Letztlich war das SG, anders als die Klägerin meint, auch nicht gehalten gemäß § 202 SGG in Verbindung mit § 307 Zivilprozessordnung durch Teilanerkenntnisurteil zu entscheiden. Der Senat kann hier offenlassen, ob der Erlass eines Anerkenntnisurteils auch in Betracht kommt, wenn die Annahme des abgegebenen Anerkenntnisses nicht aus tatsächlichen Gründung unmöglich ist, sondern vom Beteiligten einfach nur verweigert wird. Es dürfte näher liegen, in einem solchen Fall das Rechtsschutzinteresse zu verneinen, da der klagende Beteiligte sein Prozessziel allein durch die Annahme des Anerkenntnisses erreichen kann und es einer Entscheidung des Gerichts deshalb nicht mehr bedarf (vgl. zur Problematik B. Schmidt in Meyer-Ladewig/Keller/Leitherer/Schmidt, SGG, 12. Auflage 2017, § 101 Rn. 19 m.w.N.)

Der Erlass eines Anerkenntnisurteils kam im vorliegenden Fall aber schon deshalb nicht in Betracht, weil ein Anerkenntnis im Sinne des § 101 Abs. 2 SGG von der Beklagten überhaupt nicht abgegeben worden ist. Die Beklagte hat mit Schriftsatz vom 21.06.2018 lediglich den Bescheid vom 20.06.2018 übersandt und darauf hingewiesen, dass dem Begehren der Klägerin durch Erlass dieses Bescheids in vollem Umfang entsprochen worden sei und der Rechtsstreit sich dadurch erledigt habe. Ein Anerkenntnis, das nach seiner Annahme als Vollstreckungstitel im Sinne des § 199 Abs. 1 Nr. 3 SGG erst die Verpflichtung zum Erlass eines begehrten Verwaltungsaktes bzw. zur Zurücknahme eines solchen beinhaltet, ist in der Erklärung der Beklagten nicht zu erkennen. Einer solchen bedurfte es, da der dem Begehren der Klägerin entsprechende Bescheid bereits erlassen war, auch nicht mehr. Mit Wirksamwerden des Bescheids vom 20.06.2018 ist dementsprechend das Rechtsschutzinteresse für eine Fortführung des Rechtsstreits mit dem ursprünglichen Klagebegehren entfallen.
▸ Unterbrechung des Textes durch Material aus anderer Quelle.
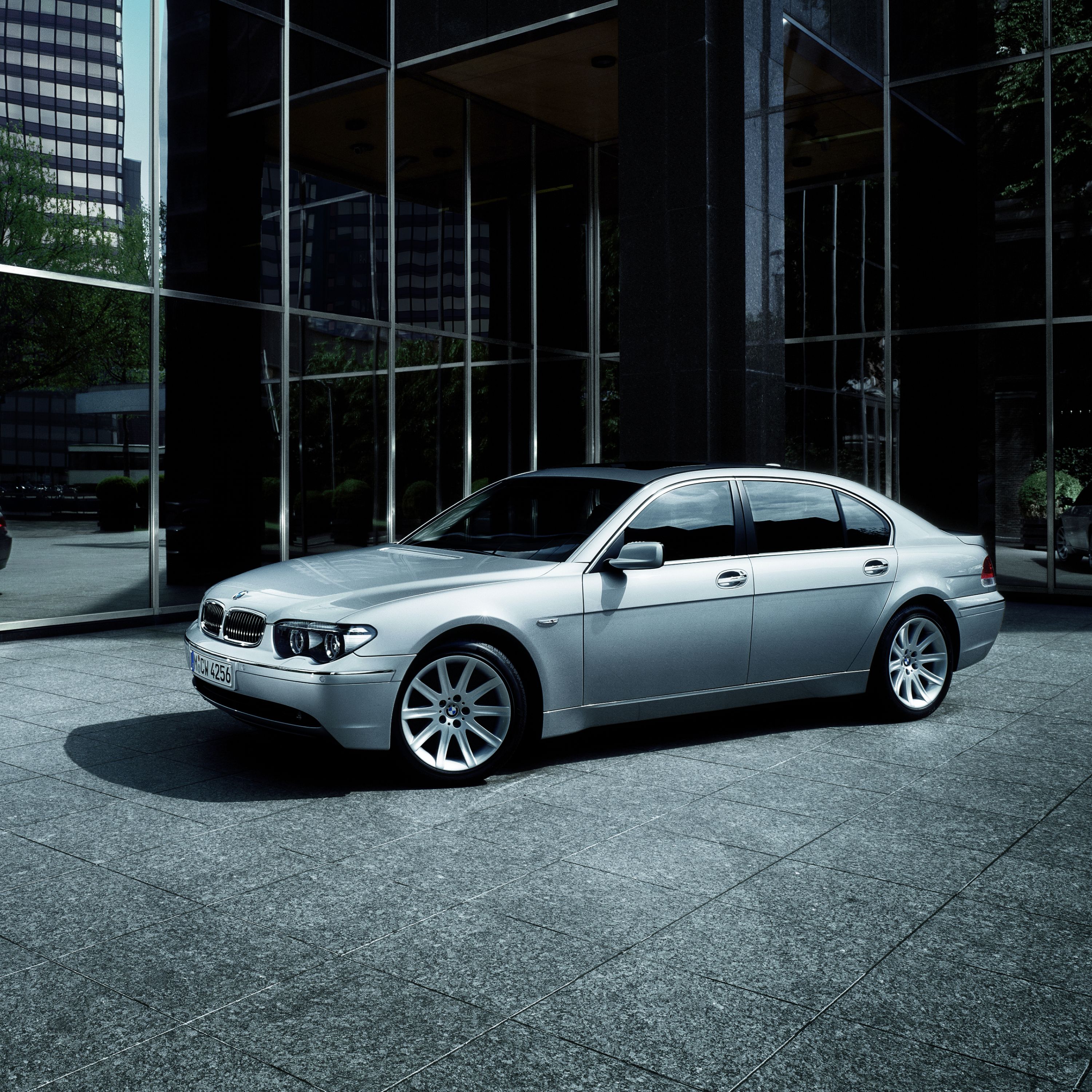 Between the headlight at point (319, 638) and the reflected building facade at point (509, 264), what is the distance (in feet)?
21.3

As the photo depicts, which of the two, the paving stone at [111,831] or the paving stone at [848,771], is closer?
the paving stone at [111,831]

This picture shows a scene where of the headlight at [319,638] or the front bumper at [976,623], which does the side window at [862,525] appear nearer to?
the front bumper at [976,623]

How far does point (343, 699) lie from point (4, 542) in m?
6.80

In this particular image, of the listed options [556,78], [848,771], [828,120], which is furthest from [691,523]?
[556,78]

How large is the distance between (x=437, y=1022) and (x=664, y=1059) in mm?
606

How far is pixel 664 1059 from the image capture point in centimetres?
287

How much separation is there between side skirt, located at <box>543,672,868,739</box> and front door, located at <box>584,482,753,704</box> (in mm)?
43

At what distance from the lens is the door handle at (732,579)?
244 inches

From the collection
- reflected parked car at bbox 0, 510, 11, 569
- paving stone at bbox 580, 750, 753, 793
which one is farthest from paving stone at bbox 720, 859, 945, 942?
reflected parked car at bbox 0, 510, 11, 569

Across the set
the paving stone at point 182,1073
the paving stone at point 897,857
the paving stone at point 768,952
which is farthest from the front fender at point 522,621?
the paving stone at point 182,1073

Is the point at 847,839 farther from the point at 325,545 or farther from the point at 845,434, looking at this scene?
the point at 845,434

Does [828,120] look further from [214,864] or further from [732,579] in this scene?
[214,864]

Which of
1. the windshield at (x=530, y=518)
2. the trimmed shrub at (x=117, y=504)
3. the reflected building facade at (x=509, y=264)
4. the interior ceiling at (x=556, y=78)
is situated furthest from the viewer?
the interior ceiling at (x=556, y=78)

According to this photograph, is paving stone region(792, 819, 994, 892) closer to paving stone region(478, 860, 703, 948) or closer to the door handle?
paving stone region(478, 860, 703, 948) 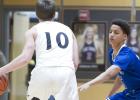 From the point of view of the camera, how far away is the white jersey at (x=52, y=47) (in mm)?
4457

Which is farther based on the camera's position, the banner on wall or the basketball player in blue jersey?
the banner on wall

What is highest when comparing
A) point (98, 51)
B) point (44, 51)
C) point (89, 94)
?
point (44, 51)

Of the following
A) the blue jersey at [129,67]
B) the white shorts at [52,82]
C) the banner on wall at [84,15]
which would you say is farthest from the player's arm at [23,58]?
the banner on wall at [84,15]

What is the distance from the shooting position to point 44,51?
14.7 feet

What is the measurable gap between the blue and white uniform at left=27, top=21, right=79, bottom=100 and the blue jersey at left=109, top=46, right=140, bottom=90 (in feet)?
2.07

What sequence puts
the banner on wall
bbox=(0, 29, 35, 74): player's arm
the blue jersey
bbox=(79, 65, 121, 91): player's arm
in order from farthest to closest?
the banner on wall → the blue jersey → bbox=(79, 65, 121, 91): player's arm → bbox=(0, 29, 35, 74): player's arm

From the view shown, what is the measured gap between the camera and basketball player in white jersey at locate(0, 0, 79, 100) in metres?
4.41

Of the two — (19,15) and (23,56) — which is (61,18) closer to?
(19,15)

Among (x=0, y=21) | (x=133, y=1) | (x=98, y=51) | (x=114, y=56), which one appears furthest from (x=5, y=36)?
(x=114, y=56)

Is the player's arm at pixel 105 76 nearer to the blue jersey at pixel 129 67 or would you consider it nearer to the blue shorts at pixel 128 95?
the blue jersey at pixel 129 67

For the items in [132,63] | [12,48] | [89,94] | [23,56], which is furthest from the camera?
[12,48]

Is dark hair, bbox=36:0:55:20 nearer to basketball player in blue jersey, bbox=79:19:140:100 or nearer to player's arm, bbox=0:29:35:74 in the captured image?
player's arm, bbox=0:29:35:74

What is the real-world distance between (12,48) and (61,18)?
1267 mm

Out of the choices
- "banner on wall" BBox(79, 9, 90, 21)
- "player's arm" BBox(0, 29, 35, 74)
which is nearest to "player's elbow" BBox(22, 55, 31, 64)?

In einem solchen Fall ist nicht durch Anerkenntnisurteil zu entscheiden, sondern (bei Fortführung der Klage mit dem ursprünglichen Begehren) die Klage wegen Fehlens der Sachentscheidungsvoraussetungen als unzulässig abzuweisen. Im vorliegenden Fall kommt hinzu, dass die Klägerin nach Erledigung des Rechtsstreits die Feststellung begehrt hat, dass die ursprünglich angefochtenen Bescheide rechtswidrig gewesen sind. Diese (zumindest sinngemäß erklärte) Umstellung des Klageantrags führt, ohne dass eine Klageänderung im Sinne des § 99 Abs. 1 SGG vorliegen würde, dazu, dass nur noch über die nun erhobene Fortsetzungsfeststellungsklage (vgl. § 131 Abs. 1 Satz 4 SGG) zu entscheiden ist; über die ursprünglich erhobene isolierte Anfechtungsklage kann demgegenüber keine Entscheidung mehr ergehen.

Die Kostenentscheidung ergeht entsprechend § 193 Abs. 1 SGG.

Diese Entscheidung kann mit der Beschwerde nicht gefochten werden (§ 177 SGG).

Das angefochtene Urteil des SG wird hiermit rechtskräftig (vgl. § 145 Abs. 4 Satz 4 SGG).